**ACTION ITEM**
In the data below, which lines hold the word "Studio"? Copy them.

**EXERCISE MATERIALS**
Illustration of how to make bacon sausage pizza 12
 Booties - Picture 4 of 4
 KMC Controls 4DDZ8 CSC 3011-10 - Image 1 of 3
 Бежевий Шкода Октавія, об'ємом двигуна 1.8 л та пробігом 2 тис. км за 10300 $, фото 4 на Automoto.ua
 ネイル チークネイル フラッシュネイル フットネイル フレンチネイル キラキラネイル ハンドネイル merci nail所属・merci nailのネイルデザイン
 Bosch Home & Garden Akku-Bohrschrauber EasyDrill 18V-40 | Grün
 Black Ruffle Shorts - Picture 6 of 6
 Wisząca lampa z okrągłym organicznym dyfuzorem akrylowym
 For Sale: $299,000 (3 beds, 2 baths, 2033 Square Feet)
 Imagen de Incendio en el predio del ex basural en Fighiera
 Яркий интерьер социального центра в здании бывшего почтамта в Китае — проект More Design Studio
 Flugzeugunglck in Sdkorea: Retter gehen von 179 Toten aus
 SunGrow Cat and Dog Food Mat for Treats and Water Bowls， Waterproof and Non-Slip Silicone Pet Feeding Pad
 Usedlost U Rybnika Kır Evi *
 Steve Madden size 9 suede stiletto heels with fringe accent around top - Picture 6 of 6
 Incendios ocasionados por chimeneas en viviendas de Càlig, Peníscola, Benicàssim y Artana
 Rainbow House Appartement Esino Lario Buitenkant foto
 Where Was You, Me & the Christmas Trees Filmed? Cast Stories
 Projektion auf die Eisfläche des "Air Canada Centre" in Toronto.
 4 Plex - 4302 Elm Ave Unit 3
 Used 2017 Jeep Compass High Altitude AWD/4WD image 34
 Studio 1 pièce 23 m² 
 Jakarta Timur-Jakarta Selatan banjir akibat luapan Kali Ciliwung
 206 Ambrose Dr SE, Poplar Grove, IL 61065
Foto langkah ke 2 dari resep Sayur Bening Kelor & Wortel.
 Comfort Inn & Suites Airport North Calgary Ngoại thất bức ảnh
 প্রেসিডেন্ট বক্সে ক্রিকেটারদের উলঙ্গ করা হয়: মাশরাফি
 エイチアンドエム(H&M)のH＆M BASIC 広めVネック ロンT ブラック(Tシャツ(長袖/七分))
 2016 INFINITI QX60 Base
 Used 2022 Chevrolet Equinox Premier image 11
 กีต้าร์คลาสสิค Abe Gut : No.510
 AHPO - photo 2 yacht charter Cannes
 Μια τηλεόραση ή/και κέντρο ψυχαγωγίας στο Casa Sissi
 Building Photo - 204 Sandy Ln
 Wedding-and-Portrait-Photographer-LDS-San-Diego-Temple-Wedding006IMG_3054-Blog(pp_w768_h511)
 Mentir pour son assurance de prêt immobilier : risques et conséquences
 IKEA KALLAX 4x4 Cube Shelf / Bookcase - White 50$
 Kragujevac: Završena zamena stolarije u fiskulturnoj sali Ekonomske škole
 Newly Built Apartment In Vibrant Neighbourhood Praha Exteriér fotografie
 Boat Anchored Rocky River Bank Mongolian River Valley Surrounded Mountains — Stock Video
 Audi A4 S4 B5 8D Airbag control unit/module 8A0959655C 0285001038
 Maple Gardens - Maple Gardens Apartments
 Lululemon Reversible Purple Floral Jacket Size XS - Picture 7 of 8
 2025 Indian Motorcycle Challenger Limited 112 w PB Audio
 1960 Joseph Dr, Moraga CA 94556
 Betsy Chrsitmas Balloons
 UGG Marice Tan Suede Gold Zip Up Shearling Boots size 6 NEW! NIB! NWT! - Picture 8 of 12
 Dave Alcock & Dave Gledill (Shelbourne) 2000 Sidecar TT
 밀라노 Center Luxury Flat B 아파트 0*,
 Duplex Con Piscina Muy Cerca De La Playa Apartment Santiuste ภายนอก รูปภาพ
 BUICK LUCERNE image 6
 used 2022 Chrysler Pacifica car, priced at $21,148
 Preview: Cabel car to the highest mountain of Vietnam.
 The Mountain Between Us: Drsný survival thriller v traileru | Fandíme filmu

**ANSWER TO THE EXERCISE**
 Яркий интерьер социального центра в здании бывшего почтамта в Китае — проект More Design Studio
 Studio 1 pièce 23 m² 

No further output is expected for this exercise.